§ Records to use:
────

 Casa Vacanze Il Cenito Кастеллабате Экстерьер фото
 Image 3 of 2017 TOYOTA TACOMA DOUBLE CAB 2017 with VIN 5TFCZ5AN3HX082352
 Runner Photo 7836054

────

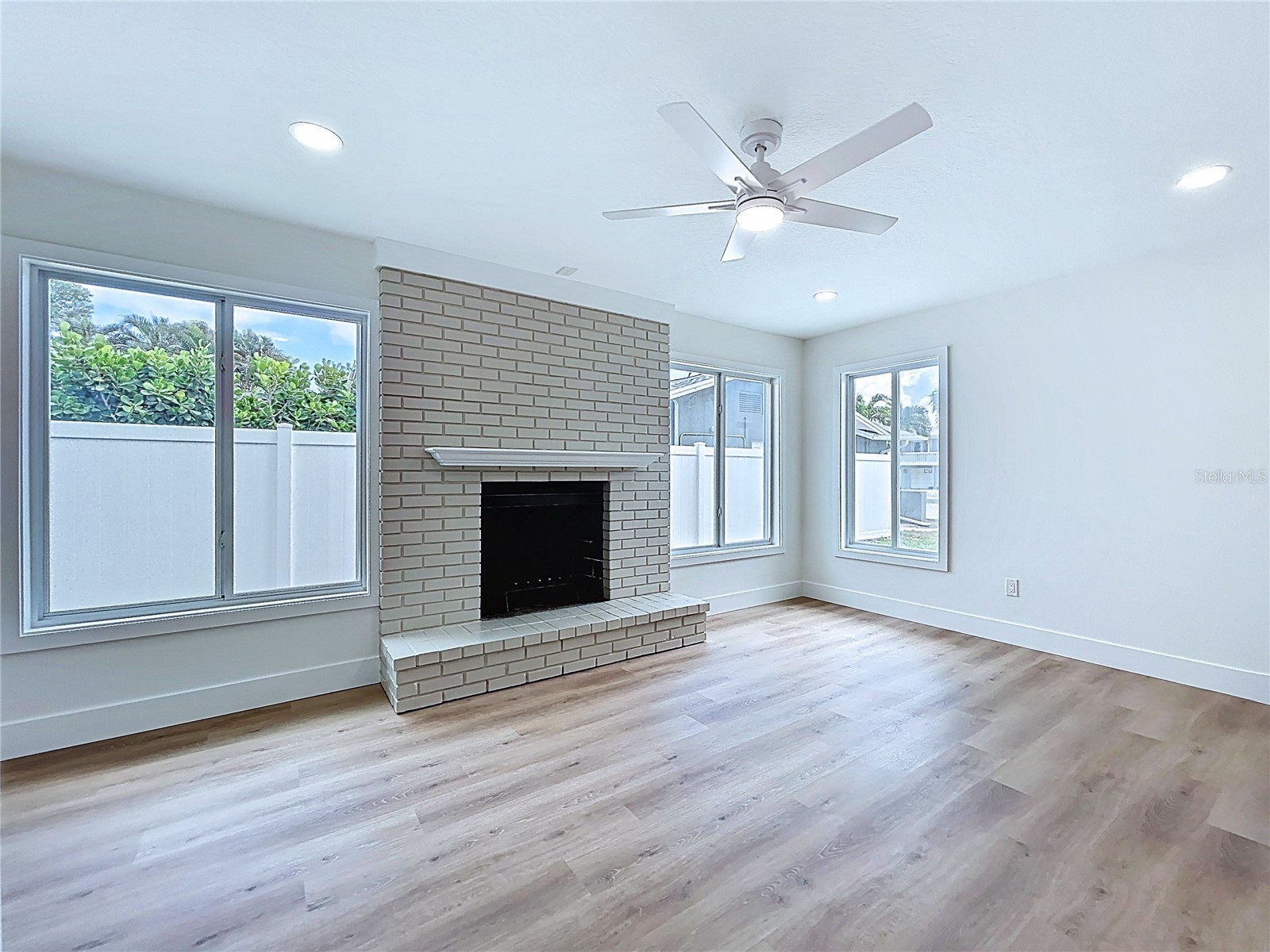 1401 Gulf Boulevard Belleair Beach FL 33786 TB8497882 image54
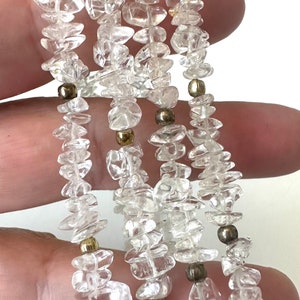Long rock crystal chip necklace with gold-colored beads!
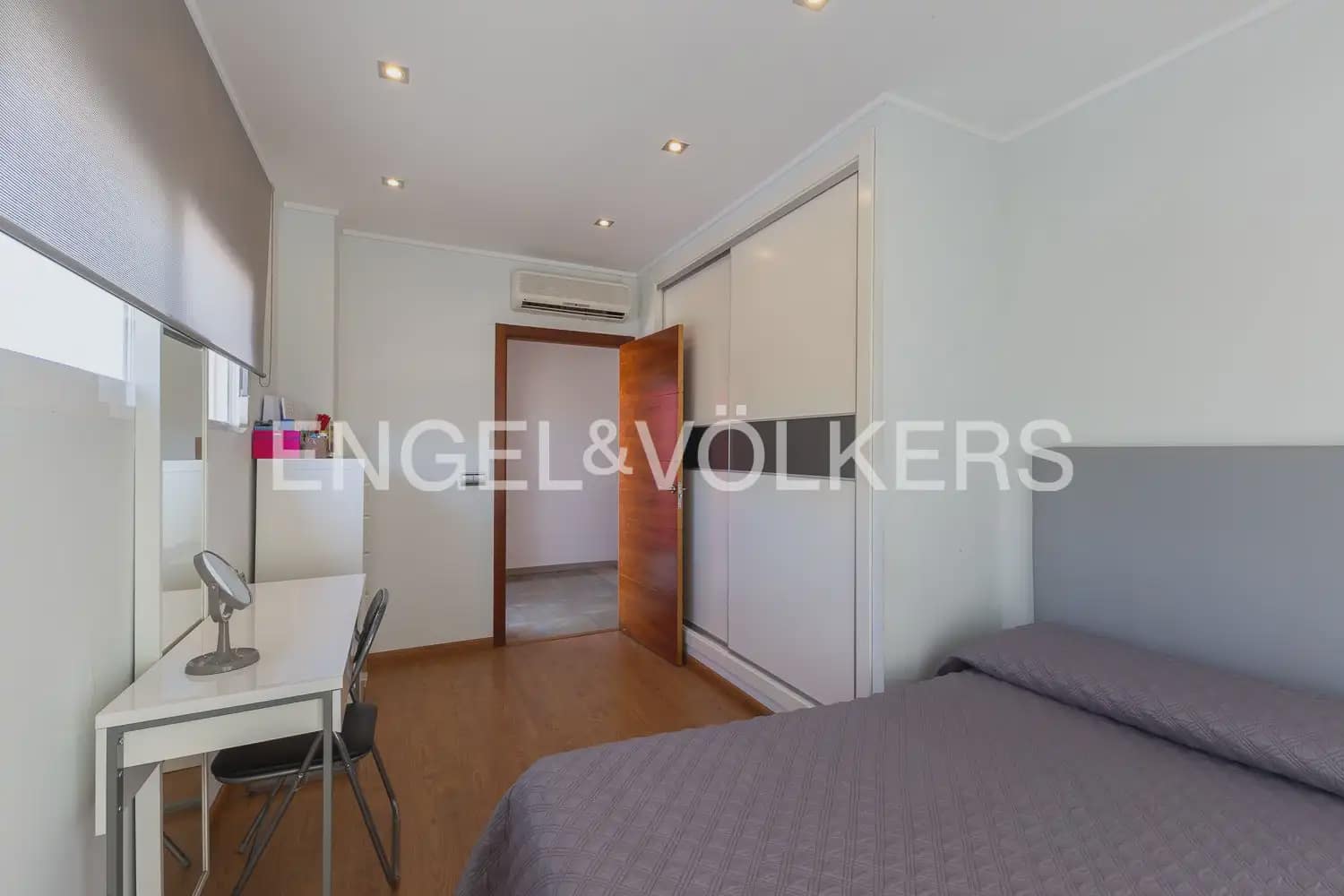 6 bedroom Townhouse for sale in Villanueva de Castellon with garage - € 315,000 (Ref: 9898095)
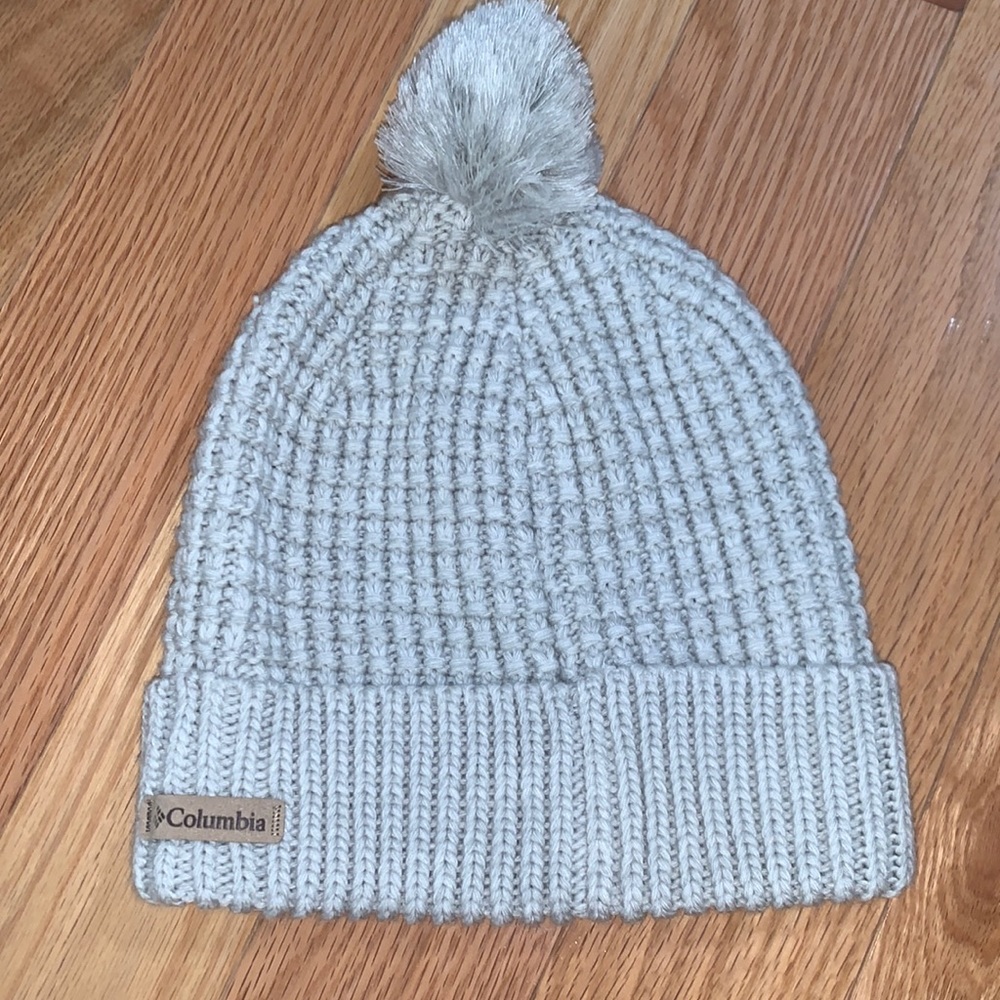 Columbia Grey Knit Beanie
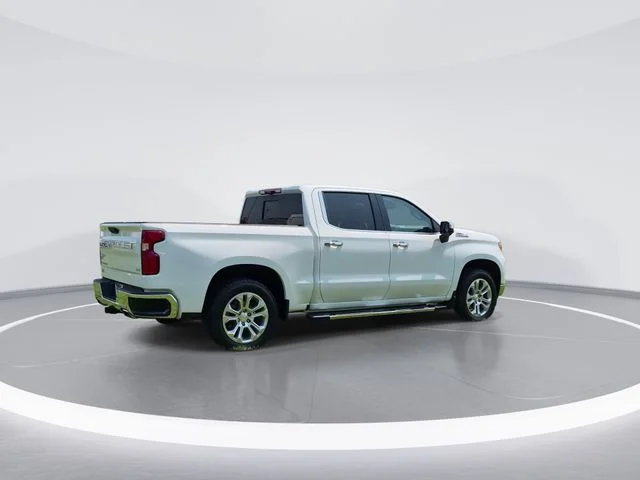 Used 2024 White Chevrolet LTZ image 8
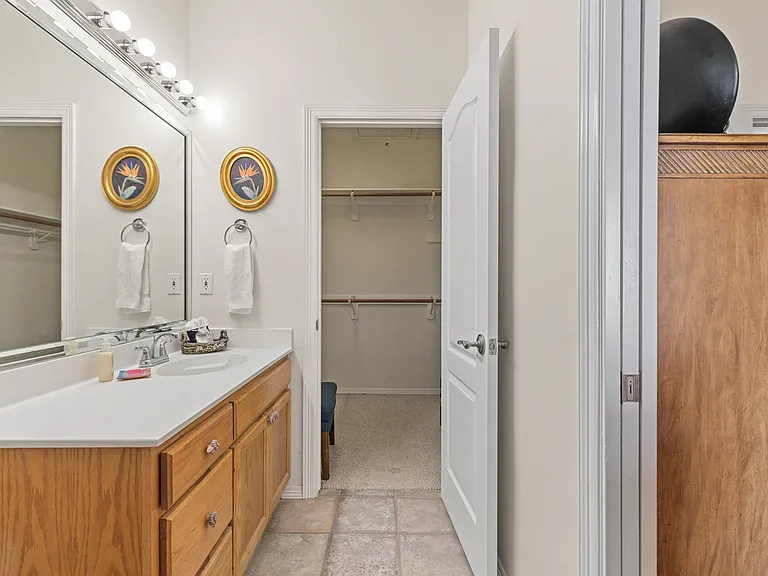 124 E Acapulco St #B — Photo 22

────

§ Requirement:
Give back, exactly as written, the stretch from the line with "Image 3 of 2017" through the line with "Runner Photo 7836054", and no other lines from the records above.

§ Solution to this problem:
 Image 3 of 2017 TOYOTA TACOMA DOUBLE CAB 2017 with VIN 5TFCZ5AN3HX082352
 Runner Photo 7836054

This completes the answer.